# 1973 Porsche VW 914- Gleammachine.



## Gleammachine (Sep 8, 2007)

Here we have a beautifully restored Porsche VW 914 2.0.










The 914 was the replacement for Porsche's 912 and Volkswagen's Karmann Ghia, resulting in a collaboration of the 2 manufacturers, and fulfilling VW's obligation/contract to Porsche to create one more model.

This 914 was booked in for a 1 day paintwork enhancement to improve upon the work completed by the bodyshop. 
The owner has added some little subtle pieces on this car paying homeage to both manufacturers, for instance the centre caps show Porsche logo's on one side and Wolfsburg (VW's engine plant) logo's the other.

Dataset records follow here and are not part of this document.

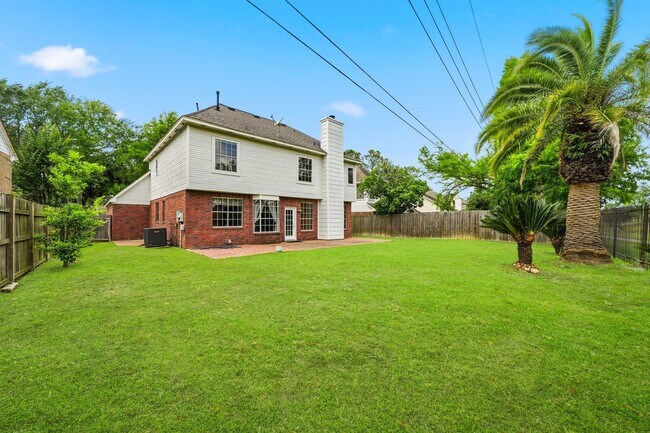Building Photo - 4323 Ringrose Dr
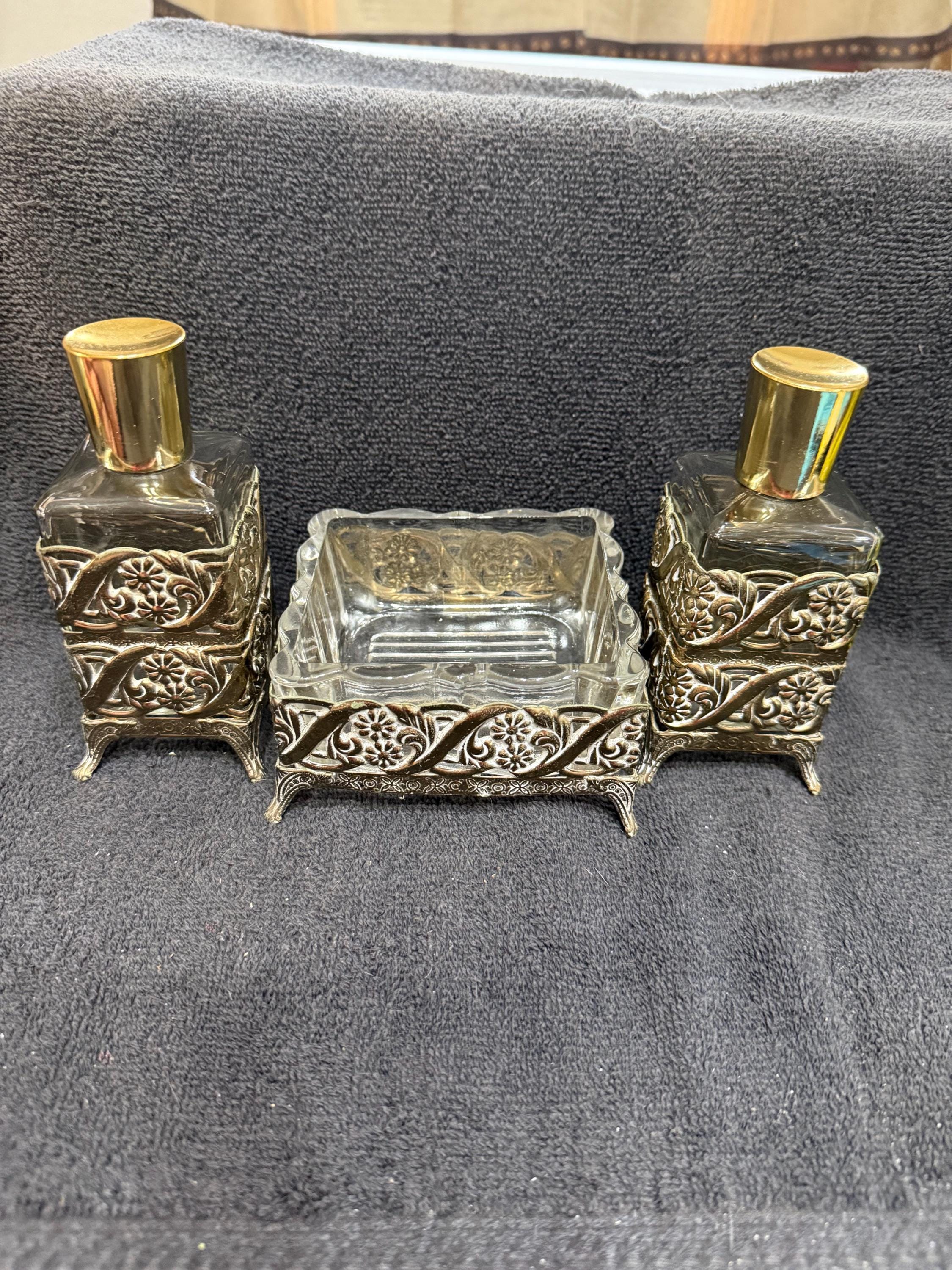 ヴィンテージ　パウダーケース　香水瓶 ピンクのクリスタル香水瓶｜ アンティーク ヴィンテージ パフューム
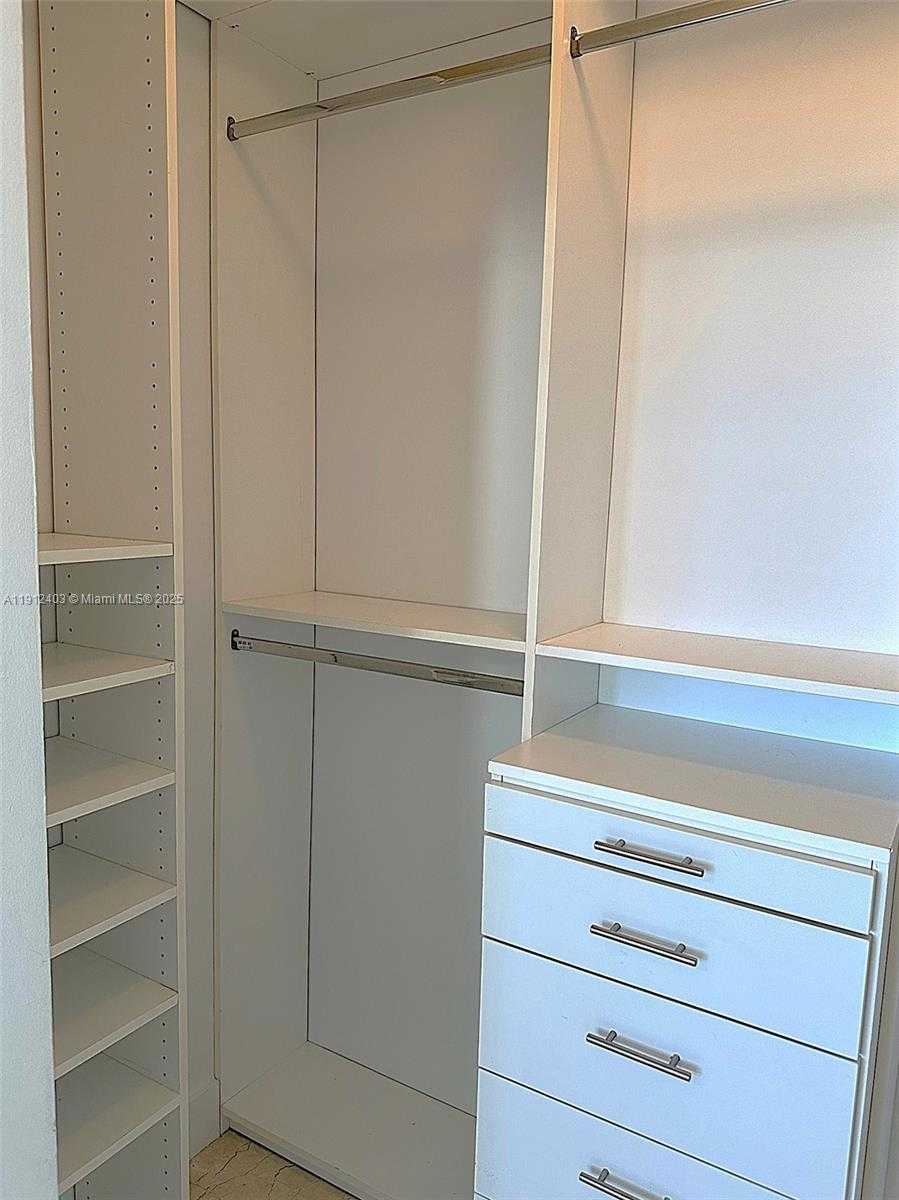 Small Image of 2080 SOUTH OCEAN DR #MPH12, Hallandale Beach Number 28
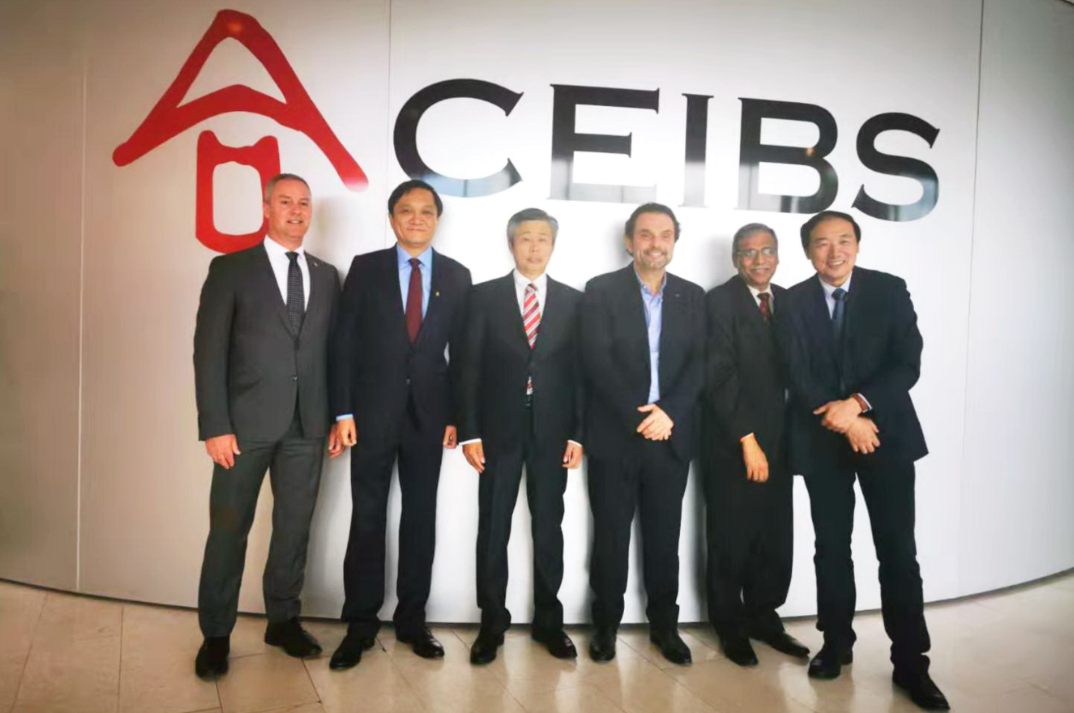 rg皇家视讯捐资中欧国际工商学院瑞士分校区助力全球经济智库人才造就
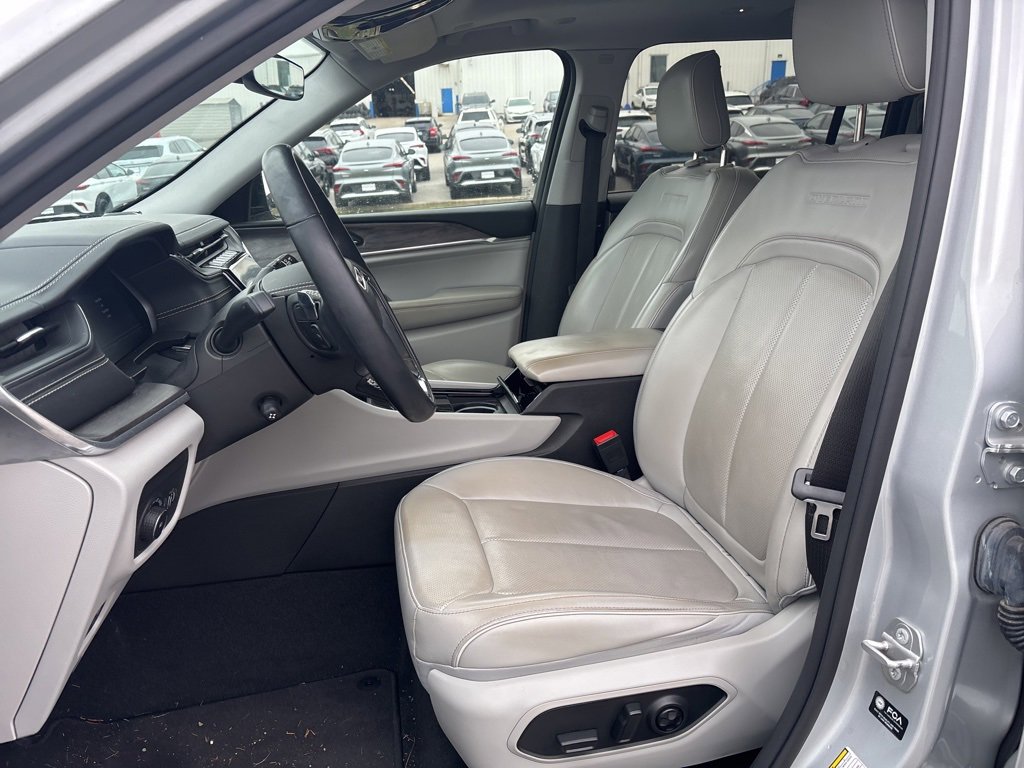 Used 2021 Jeep Grand Cherokee L Overland image 7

The steering centre has been replaced with a Wolfsburg one. 
The car is still awaiting the front driving lights and Fuchs alloys to come back from refinishing, in addition it will be receiving a front spoiler attachment and some side decals at a later date.

Anyway a few pictures taken during the day, starting with the holograms and trails left from the bodyshop.



















Alloys cleaned, tyres and arches de-greased.





































Bugs removed using APC and a damp MF.



















Washed using ONR and dried with plush towels.










Shuts etc.. de-greased, whilst the exterior is nice and fresh, the engine and trunk area has been left as original paint, which was agreed made a nice touch to the originality.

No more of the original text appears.